[TASK OBJECTIVE]: Since the listing below shows pictures, leave them out and write out exactly the lines from the line with "Snapshot of luca_gael" to the line with "Property photo 1 of 16 Picture No. 06", both included, and no others.

[GIVEN INFORMATION]:
• • • • • • •

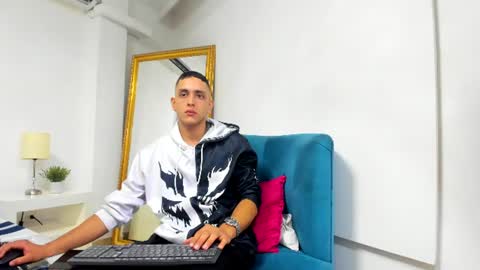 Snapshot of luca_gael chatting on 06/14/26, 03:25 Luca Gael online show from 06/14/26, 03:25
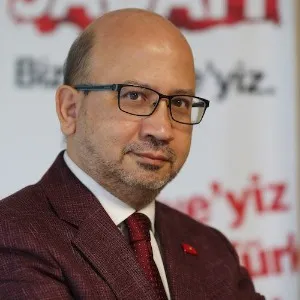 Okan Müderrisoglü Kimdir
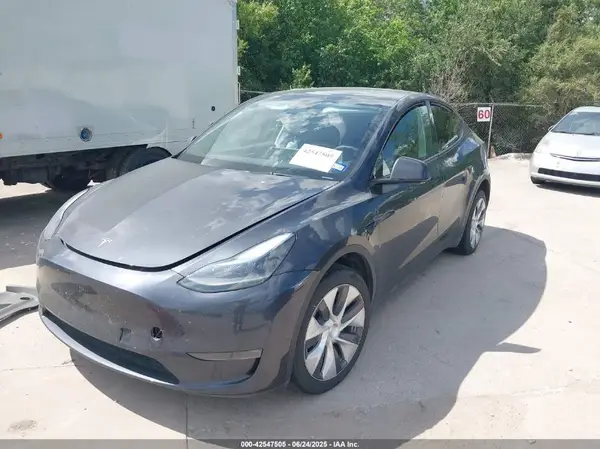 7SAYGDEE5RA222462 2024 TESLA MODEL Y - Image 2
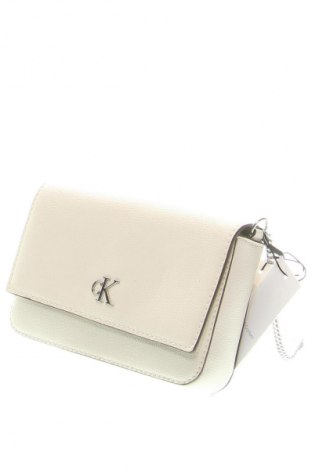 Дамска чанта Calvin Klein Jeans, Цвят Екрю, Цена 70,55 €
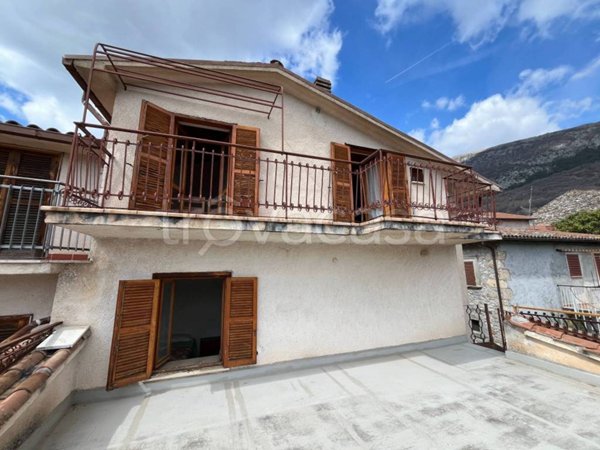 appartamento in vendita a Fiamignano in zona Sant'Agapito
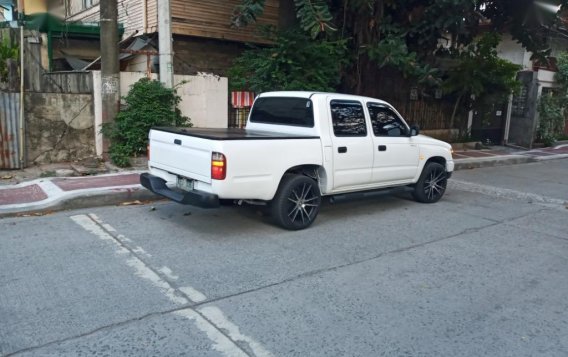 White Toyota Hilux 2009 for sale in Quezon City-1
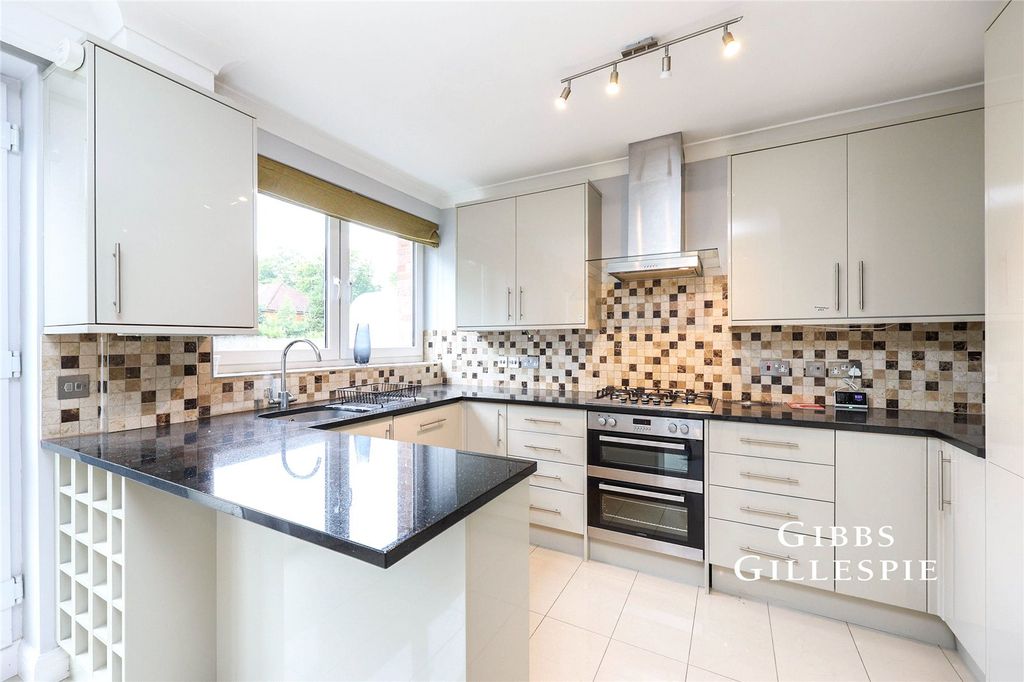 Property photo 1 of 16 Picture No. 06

• • • • • • •

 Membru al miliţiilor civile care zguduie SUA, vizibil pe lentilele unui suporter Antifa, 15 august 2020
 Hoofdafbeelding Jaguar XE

• • • • • • •

[RESULT FOR THIS TASK]:
 Snapshot of luca_gael chatting on 06/14/26, 03:25 Luca Gael online show from 06/14/26, 03:25
 Okan Müderrisoglü Kimdir
 7SAYGDEE5RA222462 2024 TESLA MODEL Y - Image 2
 Дамска чанта Calvin Klein Jeans, Цвят Екрю, Цена 70,55 €
 appartamento in vendita a Fiamignano in zona Sant'Agapito
 White Toyota Hilux 2009 for sale in Quezon City-1
 Property photo 1 of 16 Picture No. 06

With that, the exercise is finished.